Pandémie urbaine : scènes paradoxales dans la ville blessée. Spectacles contradictoires.

Amertume aussi.

À la péripétie urbaine, entre la verticalité grise du faubourg et le ghetto bobo, l’immense surface du bricolage et du jardinage est ouverte. Toujours populaire. Toujours achalandée.

Béant l’hyper-marché: «Venez M’sieurs dames !»

Parking quasi complet. Cohorte habituelle de SUV. Foule bigarrée des grands jours.

Temple du Do it yourself

Après le rituel palmaire du gel hydro-alcoolique, chacun s’égaie joyeusement et rassuré dans la caverne d’Ali Baba du bien-être domestique.

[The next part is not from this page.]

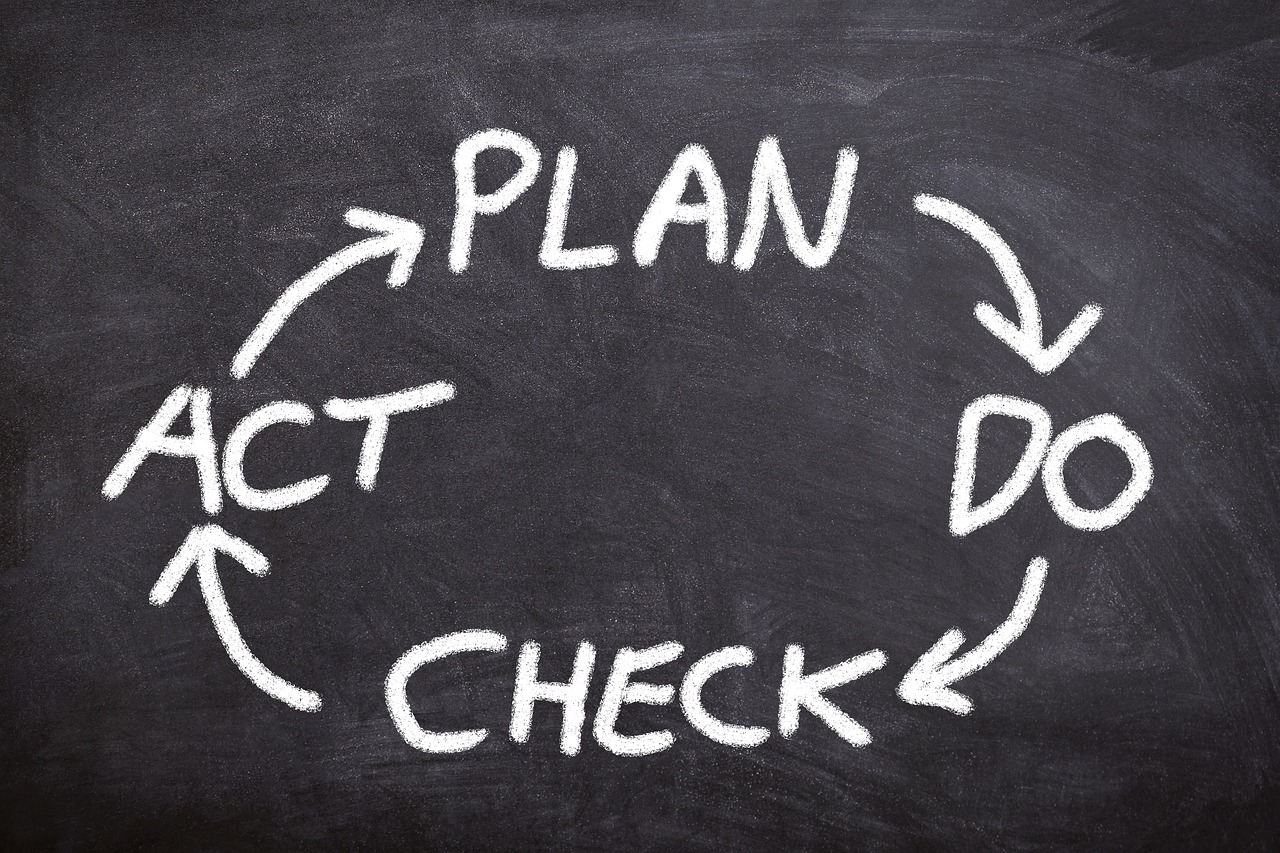 Process Improvement and Innovation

Haut-parleurs feutrés de la dystopie du Do it yourself : la voix suave d’un androïde féminin répète les coutumiers messages sur la distance sociale : «Chères clientes, chers clients, dans les conditions sanitaires actuelles, nous vous demandons… !»

Un remake consumériste du film THX 1138 de George Lucas (1971)!

La clientèle masquée, parfois endimanchée, hésite entre la perceuse électrique BOSCH dernier cri, un tournevis cruciforme lumineux ou un «marteau de mécanicien» (mais aussi d’électricien, de maçon ou à piquer les soudures, voire d’arrache-clou), un sinistre set de douche bleuâtre Made in China, un bac plastique fourre-tout, un révolutionnaire spray de «rafraichisseur pour textile automobile», un tube de colle universelle ou encore un ficus microcarpa ginseng en pot.

Cohorte humaine aussi devant le «Click and Collect» où s’entassent les articles préemballés de la félicité laborieuse et bricoleuse.

Recluse derrière le haut hygiaphone en plexiglas, la mine défaite, les caissières débitent les flux monétaires du bricolage ménager.

Exit du supermarché: cohue métallique des charriots surchargés, insouciant embouteillage démocratique. Noms d’oiseaux habituels aux carrefours surchargés du parking bétonné.

La vie normale, quoi!

Librairies endeuillées

Retour au cœur de la cité. Stupeur.

Honte aussi?

Petites et grandes, nationales ou locales, généralistes, de bande-dessinée ou pour enfants: les librairies sont fermées.

«Fermées M’sieurs dames !» On vous le dit!

Hermétiquement closes. Radicalement barrées. Niet.

Quasi murées dans l’oubli social.

Comme endeuillées d’elles-mêmes, même si des libraires offrent le port gratuit des livres commandés en ligne.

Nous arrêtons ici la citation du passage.